African Short Stories Vol. 1 Published!

African Short Stories Vol. 2: Calling for Submissions

Project Award Dedicated to Chinua Achebe

African Short Stories Vol. 2 Published!




African Short Stories Vol. 1




AFRICAN Short Stories Vol.1 comes at an important period in the expansion of literary dimensions in Africa through the various online and international programmes of cultural organisations of which the Literary Society (LSi) and the International Research Council (IRCALC) are notable in the domain of African cultural dissemination today. The project is borne from the belief, quite rightly, that the short story has always been an important although largely neglected medium for artistic and educational development of ancient traditions and cultures. In the past the distinction between young and old was but a tenuous divide that melded the purpose and intention of craft into one single unity of personal and collective elevation.

With the era of machinery, industrialisation and celebration of individualism by modern man, the collective landscape waned in the minds of even the brightest thinkers fashioned by cultures that thrived upon conquest and domination and the celebration of the body as the ultimate reality in a universe of human existence. Only the story might stand the chance of redeeming the collective amnesia of humanity that always seemed reluctant to imbibe the habit and art of remembering which the story had always offered human memory from the dawn of time.

It is not surprising that through modern epochs most creative writers and novelists had started out with short story writing. Only a handful, however, was consistent or successful in handling the compressed narrative structure of story telling tradition for a useful length of time. Impatient with the art, many had abandoned the short form for the fad of bulk prose narratives where the attention of aficionados through mainstream media was fixated for centuries. Nevertheless in many African and Asiatic cultures the short story remains an elegant and celebrated means of cultural transmission and moral upbringing of the young, of men and women, even of the very old and young at heart.

What the Literary Society (LSi) has done therefore is merely to stoop backward in this present time in order to scoop occasionally some of the forgotten traditions of the past. By this effort lies the heartening proof that our writers are genuinely poised to revive reading and critical interest in African short fictions and their worldwide transmission through available information and distribution media.

The Call for Submissions which began two years ago was fraught with the challenge of reaching the widest spectrum of writers and scholars from varying traditions and nationalities within and beyond the continent. The use of the internet media proved a welcome and useful tool in the achievement of this purpose. Submissions were left open to published or not-yet-published writers from anywhere in the world. As many entries as a writer could submit were acceptable and the tolerance for entries with problems of linguistic or stylistic execution was extended to include writers for whom English may not have been a second or official language. This has seen the acceptance of works originally published in Arabic, Swahili, Xhosa, Igbo, Hausa, Yoruba (and other African language of world broadcast) but translated by diligent scholars for the benefit of the English speaking readership.

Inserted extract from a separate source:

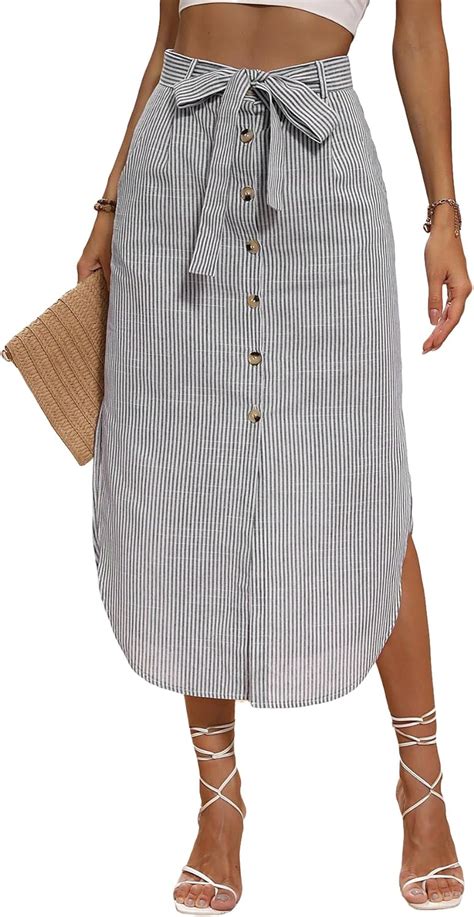 Amazon Sweatyrocks Women S Striped Print Belted Skirt Button Front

The adoption of a review process by the Literary Society in the consideration of quality of language and style of composition has helped in providing only a modicum of standard for the acceptance of works which serve the universal human purpose of elevation of mind, emotion and values for the pleasurable enjoyment of society. Thus have we welcomed these works of elegant imagination and construction including the consideration of life writing and epic renditions as presented in short story mode. Here most submissions have been less, but not more than, ten thousand words of original compositions.

While we wilfully neglected to use some work based on pedestrian and beaten concerns that might titillate contemporary voyeurs, seeing them as not quite fitting for this volume’s objectives, we have accepted most that have relied upon or recreated familiar oral traditions and legends using some elements of individuality of rendition that gives at least seventy-five percent innovation and variation in composition.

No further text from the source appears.